Co-Narzissmus als Überlebensstrategie

Empathen mit traumatischen Prägungen entwickeln oft übersteigerte Anpassung. Sie lesen Räume, spüren Stimmungen, passen sich an. Sie wollen Harmonie, koste es, was es wolle. Doch in stressigen Situationen kippt dieses Muster: Sie wirken plötzlich kontrollierend, dominant, perfektionistisch. Nicht, weil sie andere beherrschen wollen, sondern weil sie gelernt haben:

„Nur wer stark wirkt, überlebt.“

Der Politiker hatte genau diese Dynamik entwickelt. Er wirkte nach außen kühl, unnahbar, fast arrogant, während er innerlich unter Strom stand. Sein eigentlich empathischer Charakter war unter Schichten aus Selbstschutz begraben.
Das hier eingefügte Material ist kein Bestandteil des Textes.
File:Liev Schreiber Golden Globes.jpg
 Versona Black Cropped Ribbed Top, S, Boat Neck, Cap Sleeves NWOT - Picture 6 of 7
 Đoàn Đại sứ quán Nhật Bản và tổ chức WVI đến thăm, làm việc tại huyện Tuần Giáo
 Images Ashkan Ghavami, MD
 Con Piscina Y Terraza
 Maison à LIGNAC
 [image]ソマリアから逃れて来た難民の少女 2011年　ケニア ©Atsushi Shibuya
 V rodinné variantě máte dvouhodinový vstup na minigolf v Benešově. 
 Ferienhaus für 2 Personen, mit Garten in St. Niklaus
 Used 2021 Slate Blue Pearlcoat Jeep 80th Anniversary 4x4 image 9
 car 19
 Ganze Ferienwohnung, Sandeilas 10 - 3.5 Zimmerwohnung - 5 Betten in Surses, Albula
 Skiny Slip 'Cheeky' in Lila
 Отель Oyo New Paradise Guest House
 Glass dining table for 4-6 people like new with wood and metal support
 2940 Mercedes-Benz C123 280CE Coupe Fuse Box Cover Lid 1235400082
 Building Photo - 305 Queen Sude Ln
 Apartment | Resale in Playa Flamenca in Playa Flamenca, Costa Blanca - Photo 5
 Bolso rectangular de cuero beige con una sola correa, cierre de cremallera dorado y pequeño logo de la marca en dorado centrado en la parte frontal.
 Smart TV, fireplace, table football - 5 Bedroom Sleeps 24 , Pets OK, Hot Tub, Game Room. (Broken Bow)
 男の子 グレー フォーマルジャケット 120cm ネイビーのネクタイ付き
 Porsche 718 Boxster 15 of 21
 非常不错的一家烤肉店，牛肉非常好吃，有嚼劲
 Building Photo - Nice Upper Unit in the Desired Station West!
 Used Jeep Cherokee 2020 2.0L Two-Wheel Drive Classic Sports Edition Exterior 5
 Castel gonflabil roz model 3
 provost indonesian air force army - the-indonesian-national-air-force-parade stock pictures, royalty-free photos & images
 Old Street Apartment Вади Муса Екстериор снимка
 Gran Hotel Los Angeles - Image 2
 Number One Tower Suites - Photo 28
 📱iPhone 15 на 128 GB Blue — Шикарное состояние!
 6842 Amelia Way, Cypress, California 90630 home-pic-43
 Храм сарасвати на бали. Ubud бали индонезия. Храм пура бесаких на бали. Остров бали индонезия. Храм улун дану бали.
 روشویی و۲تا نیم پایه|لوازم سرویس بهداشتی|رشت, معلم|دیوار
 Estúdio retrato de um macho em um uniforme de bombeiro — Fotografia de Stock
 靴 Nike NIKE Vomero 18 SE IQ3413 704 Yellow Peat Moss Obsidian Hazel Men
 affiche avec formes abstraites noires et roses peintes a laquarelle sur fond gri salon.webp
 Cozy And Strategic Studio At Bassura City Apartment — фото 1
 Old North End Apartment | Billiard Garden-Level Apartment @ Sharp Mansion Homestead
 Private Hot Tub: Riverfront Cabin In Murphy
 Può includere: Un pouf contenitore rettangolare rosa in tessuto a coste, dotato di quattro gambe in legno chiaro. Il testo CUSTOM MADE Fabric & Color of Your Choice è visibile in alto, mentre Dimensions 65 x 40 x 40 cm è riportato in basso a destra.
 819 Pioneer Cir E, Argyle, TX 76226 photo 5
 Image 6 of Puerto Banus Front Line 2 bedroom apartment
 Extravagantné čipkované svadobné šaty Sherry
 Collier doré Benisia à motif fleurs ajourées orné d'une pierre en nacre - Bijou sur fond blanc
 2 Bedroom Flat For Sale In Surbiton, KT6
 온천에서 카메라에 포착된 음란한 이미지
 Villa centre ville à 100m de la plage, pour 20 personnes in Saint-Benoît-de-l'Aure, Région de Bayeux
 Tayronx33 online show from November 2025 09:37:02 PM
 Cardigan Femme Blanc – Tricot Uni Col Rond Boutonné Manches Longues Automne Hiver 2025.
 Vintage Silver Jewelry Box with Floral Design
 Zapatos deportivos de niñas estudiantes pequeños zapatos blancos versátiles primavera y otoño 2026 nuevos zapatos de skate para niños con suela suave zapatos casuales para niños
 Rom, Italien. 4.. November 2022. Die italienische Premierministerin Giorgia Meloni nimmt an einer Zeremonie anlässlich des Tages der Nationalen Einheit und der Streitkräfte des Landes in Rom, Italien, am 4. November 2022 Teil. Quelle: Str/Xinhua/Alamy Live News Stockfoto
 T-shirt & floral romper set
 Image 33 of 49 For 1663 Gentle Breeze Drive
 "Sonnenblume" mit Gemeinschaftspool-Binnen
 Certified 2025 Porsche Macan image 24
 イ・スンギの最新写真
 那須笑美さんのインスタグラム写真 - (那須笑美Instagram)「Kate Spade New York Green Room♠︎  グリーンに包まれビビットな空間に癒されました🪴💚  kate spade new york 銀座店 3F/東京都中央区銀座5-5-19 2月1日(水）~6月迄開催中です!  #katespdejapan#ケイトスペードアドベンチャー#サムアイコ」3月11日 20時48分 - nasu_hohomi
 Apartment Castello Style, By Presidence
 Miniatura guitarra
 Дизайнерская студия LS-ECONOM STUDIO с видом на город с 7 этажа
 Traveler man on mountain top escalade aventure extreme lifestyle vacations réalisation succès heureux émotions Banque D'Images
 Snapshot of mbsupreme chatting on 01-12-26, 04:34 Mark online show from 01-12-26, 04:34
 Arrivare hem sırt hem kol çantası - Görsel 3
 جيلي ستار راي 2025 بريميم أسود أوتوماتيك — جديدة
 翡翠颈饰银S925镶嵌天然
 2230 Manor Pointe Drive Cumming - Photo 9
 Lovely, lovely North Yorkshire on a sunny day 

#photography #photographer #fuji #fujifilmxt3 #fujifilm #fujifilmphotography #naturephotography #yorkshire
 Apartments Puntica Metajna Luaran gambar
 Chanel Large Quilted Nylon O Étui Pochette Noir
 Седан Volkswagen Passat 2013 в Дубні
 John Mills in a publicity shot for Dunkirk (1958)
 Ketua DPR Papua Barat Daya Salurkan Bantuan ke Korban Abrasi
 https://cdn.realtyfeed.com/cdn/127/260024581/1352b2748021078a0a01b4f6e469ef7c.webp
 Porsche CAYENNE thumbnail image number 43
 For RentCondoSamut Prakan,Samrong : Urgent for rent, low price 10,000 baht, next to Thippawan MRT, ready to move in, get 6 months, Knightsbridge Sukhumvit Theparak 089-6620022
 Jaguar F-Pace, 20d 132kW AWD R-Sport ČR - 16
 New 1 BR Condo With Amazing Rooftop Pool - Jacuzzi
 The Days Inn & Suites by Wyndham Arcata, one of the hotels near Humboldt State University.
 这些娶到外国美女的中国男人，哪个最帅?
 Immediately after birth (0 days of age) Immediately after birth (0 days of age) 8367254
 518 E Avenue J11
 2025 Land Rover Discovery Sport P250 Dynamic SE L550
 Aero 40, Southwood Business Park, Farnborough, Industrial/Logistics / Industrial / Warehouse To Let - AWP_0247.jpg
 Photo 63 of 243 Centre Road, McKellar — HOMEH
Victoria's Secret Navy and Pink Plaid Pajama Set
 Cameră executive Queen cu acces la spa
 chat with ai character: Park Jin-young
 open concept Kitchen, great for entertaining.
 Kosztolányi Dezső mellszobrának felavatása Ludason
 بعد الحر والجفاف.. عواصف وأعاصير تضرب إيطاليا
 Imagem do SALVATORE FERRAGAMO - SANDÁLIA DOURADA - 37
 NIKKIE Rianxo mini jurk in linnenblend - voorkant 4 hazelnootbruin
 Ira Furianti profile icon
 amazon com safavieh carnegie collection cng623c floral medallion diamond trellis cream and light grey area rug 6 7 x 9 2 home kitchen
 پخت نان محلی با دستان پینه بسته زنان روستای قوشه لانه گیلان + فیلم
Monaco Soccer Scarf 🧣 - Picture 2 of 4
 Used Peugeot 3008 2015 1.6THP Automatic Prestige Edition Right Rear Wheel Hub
Wie Coaching Co-Narzissten hilft

Im Coaching arbeiteten wir in zwei Phasen:

Bewusstmachen der Muster:

  1. Er lernte, seine körperlichen Reaktionen wahrzunehmen, besonders Haltung und Atem. Ihm fiel auf, wie oft er unbewusst den Atem anhielt.
  2. Jede Spannung im Körper war ein alter Reflex: „Ich darf mich nicht zeigen.“
  3. Durch Traumaarbeit und Entschleunigung entstand zum ersten Mal Raum für Reflexion.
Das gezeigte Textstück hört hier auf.